→ **The data**
========
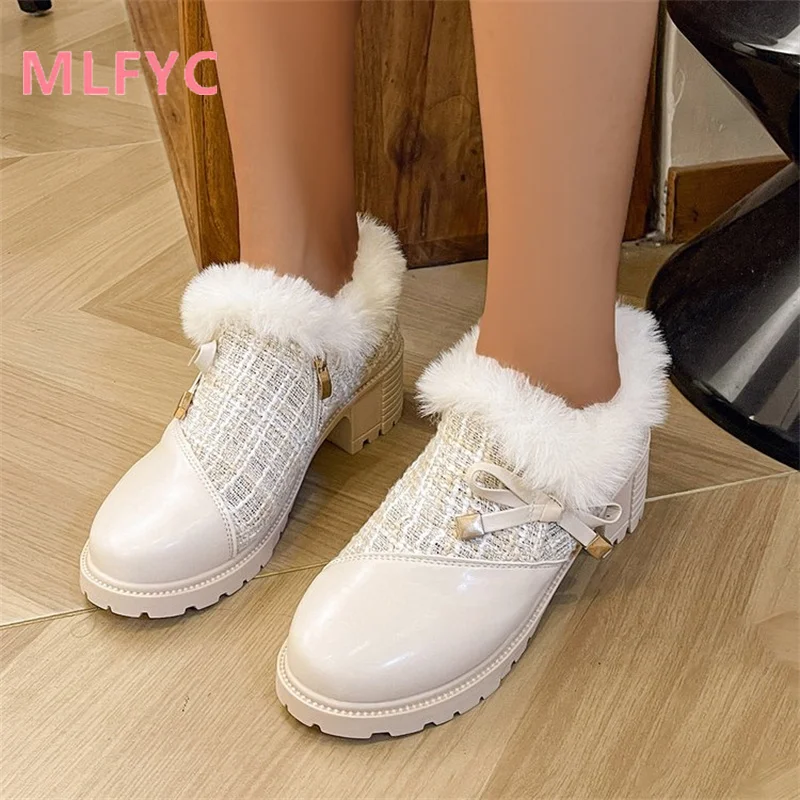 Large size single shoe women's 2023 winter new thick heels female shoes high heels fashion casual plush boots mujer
========
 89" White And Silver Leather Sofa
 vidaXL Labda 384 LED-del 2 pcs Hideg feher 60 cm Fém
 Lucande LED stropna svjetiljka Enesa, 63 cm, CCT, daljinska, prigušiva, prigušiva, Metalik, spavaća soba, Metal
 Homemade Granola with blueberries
========
→ **Task brief**
Extract exactly and only the lines above from the line containing "Lucande LED stropna" through the line containing "Homemade Granola with blueberries", both end lines included.

→ **Answer space**
 Lucande LED stropna svjetiljka Enesa, 63 cm, CCT, daljinska, prigušiva, prigušiva, Metalik, spavaća soba, Metal
 Homemade Granola with blueberries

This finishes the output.